Präventive Arbeit mit Schülern gegen Linksextremismus im ehemaligen Stasi-Gefängnis

11. September 2017 | Themenbereich: Aktuell | Drucken

Bundesinnenminister Dr. Thomas de Maizière hat das Projekt „Linke Militanz in Geschichte und Gegenwart“ der Gedenkstätte Berlin-Hohenschönhausen besucht. In dem ehemaligen Stasi-Gefängnis traf er auf eine Schülergruppe aus Bad Hersfeld, die sich in einem Seminar mit Ideologie, Strukturen und Aktionsformen des Linksextremismus auseinandergesetzt haben. Mit Hilfe einer Virtual Reality-Brille konnten sich die Schüler mit extremistischen Verhaltensweisen und Straftaten beschäftigen.

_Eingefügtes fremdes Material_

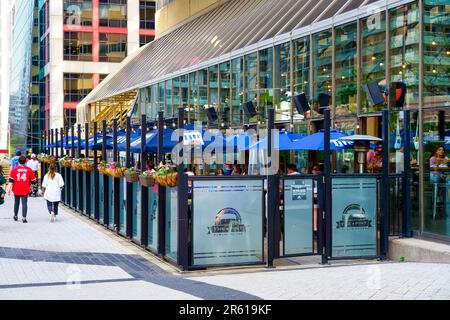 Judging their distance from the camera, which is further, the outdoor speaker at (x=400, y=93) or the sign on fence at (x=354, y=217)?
the outdoor speaker at (x=400, y=93)

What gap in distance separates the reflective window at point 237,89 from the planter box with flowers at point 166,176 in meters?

Innerhalb eines Rollenspiels, sollten Schüler am Beispiel einer größeren rechtsextremen Kundgebung eine von drei vorgegebenen Positionen im Umgang hiermit einnehmen und diskutieren. Zur Auswahl standen folgende drei Verhaltensoptionen:

Gegendemonstration mit möglicher Gewaltanwendung gegen Polizei und rechte Demonstranten;
friedliche Gegendemonstration ohne jegliche Gewalt;
gar keine Demonstration gegen rechte Kundgebung.

Dabei vertraten weder die Schülerinnen und Schüler zwingend selbst persönlich die eingenommene Position, noch hat der Minister vor den Schülern eine der Positionen eingenommen oder die Teilnehmer von einer dieser Positionen überzeugen wollen.

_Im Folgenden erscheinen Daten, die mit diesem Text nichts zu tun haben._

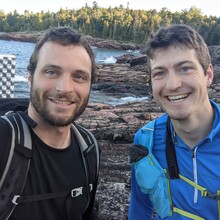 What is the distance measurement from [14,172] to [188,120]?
1.43m

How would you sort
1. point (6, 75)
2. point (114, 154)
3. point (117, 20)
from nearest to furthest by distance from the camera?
point (114, 154) < point (6, 75) < point (117, 20)

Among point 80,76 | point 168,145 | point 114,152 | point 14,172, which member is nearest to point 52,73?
point 80,76

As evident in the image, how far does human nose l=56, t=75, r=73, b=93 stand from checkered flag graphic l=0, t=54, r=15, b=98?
886 cm

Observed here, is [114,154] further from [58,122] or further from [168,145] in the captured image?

Am Ende stand die Erkenntnis: Es gibt nichts schön- oder kleinzureden, da darf nichts verharmlost werden. Auch mit linken Extremisten haben wir ein Problem in Deutschland.“ „Mein Besuch heute hier in Hohenschönhausen diente dazu die präventive Arbeit gegen Linksextremismus in den Mittelpunkt zu stellen““, sagte der Bundesinnenminister nach dem Gespräch mit den Schülern gegenüber der Presse.

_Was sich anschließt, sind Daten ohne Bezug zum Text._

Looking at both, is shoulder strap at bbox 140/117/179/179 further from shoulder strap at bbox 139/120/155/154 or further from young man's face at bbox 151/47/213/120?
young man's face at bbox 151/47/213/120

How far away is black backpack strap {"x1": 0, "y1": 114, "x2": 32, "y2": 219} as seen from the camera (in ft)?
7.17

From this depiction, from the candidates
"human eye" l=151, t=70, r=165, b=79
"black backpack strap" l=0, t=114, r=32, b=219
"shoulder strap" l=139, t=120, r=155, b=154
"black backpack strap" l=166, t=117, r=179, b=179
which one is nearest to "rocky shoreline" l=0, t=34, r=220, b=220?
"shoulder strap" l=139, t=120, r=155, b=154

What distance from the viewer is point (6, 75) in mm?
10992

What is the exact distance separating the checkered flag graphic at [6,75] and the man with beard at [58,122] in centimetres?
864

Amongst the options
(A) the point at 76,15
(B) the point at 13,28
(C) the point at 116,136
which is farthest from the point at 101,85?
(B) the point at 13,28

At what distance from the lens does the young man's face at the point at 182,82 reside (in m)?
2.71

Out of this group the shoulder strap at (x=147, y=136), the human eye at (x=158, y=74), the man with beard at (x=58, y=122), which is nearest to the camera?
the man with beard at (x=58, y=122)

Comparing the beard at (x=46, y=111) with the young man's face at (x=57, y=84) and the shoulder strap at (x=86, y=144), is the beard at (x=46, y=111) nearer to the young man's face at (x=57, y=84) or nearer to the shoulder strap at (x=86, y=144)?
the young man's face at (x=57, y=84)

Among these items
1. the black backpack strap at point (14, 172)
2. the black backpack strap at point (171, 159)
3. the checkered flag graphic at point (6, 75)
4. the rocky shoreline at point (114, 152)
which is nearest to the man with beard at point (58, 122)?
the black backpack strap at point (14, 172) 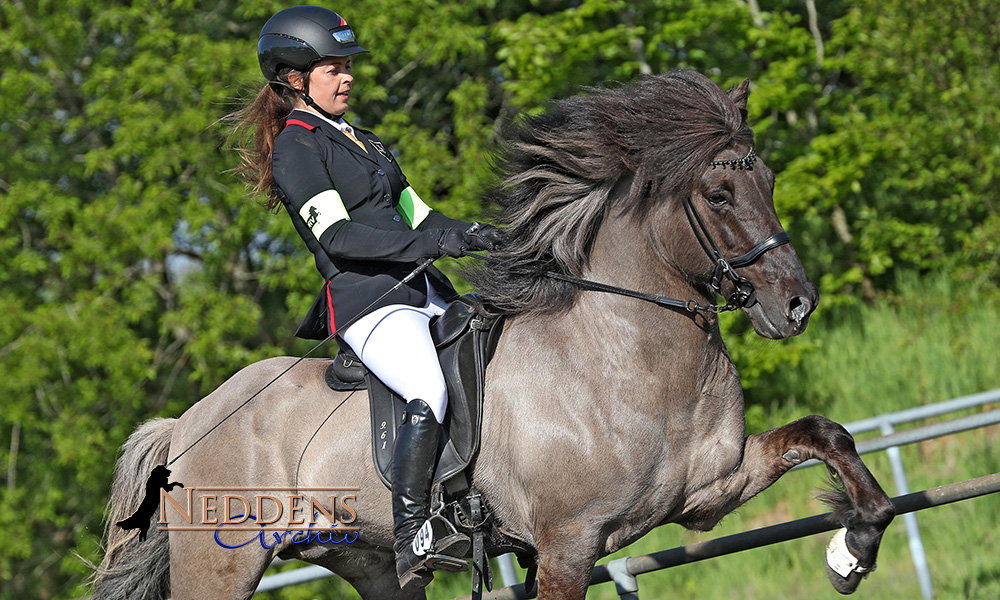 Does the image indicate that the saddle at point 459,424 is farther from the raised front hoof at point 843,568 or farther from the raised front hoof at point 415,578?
the raised front hoof at point 843,568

Die Gedenkstätte hat die gesetzliche Aufgabe zur Auseinandersetzung mit den Formen und Folgen politischer Verfolgung und Unterdrückung in der kommunistischen Diktatur anzuregen. Hohenschönhausen ist jedoch nicht nur ein Ort des Gedenkens und Erinnerns an Opfer der zweiten deutschen Diktatur des 20. Jahrhunderts, sondern auch ein Ort des Lernens und der politischen Bildung. Deshalb möchte die Gedenkstätte dazu anregen, sich nicht nur mit der SED-Diktatur, sondern auch mit neuen Formen des Linksextremismus auseinanderzusetzen. Zu diesem Zweck bietet sie seit 2011 Projekte zur Auseinandersetzung mit Ausprägungen des Linksextremismus und entwickelt zielgruppengerechte Seminarangebote für Jugendliche.

„Die Gedenkstätte macht eine verdienstvolle Arbeit – eine der wenigen in Deutschland, die mit Schülern daran arbeitet gar nicht erst anfällig zu werden für den Linksextremismus““, sagte Minister de Maizière. Für die Bekämpfung des Linksextremismus seien nicht nur die Strafverfolgung sondern auch die Prävention von zentraler Bedeutung. Das Projekt zeige eindrucksvoll, dass wie beim Rechtsextremismus und beim islamistischen Extremismus auch beim Thema Linksextremismus das Engagement aus der demokratischen Zivilgesellschaft benötigt werde, die dem Motto „Der Zweck heiligt die Mittel“ widerspricht. Denn dieses Motto richtet die Demokratie zugrunde, so der Minister, das habe die Geschichte der beiden deutschen Diktaturen gezeigt.

Für die Präventionsprogramme des Bundes zur Demokratieförderung und auch für die politische Bildung heißt das in Zukunft verstärkt: Die Prävention gegen den Linksextremismus muss aus dem Schattendasein rausgeholt werden. Nicht erst seit den Ausschreitungen anlässlich des G20 Gipfels in Hamburg weisen das BMI und das Bundesamt für Verfassungsschutz auf die schädliche Wirkung der militanten Linken für unsere Demokratie hin. Ende August wurde mit dem Verbot des Vereins mit der Internetplattform „linksunten.indymedia“ eines der bedeutendsten deutschen linksextremistischen Propagandawerkzeuge verboten.